START STUDY MATERIAL

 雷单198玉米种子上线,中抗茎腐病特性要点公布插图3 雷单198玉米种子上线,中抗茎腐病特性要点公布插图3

END STUDY MATERIAL
START STUDY MATERIAL

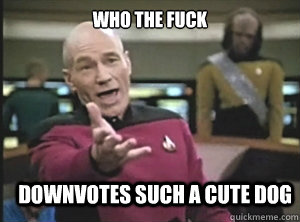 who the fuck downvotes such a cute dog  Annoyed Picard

END STUDY MATERIAL
START STUDY MATERIAL

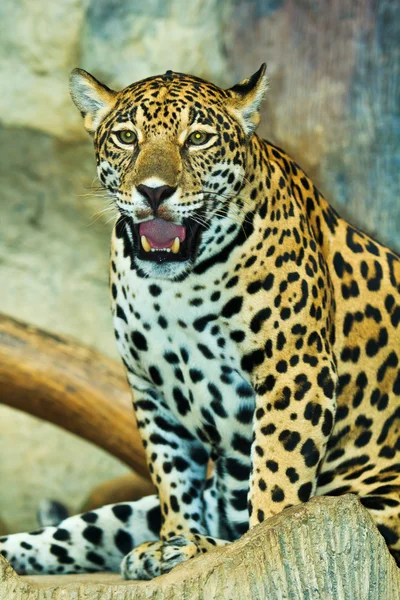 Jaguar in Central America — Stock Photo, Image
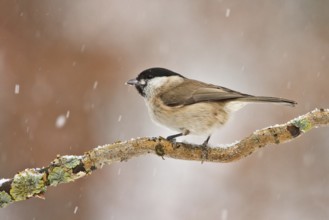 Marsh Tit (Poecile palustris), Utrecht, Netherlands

END STUDY MATERIAL

**WORK TASK**
Look above for the line containing "Jaguar in Central" and the line containing "Marsh Tit (Poecile", then reproduce both and everything between them exactly, pictures omitted.

**EXERCISE ANSWER**
 Jaguar in Central America — Stock Photo, Image
 Marsh Tit (Poecile palustris), Utrecht, Netherlands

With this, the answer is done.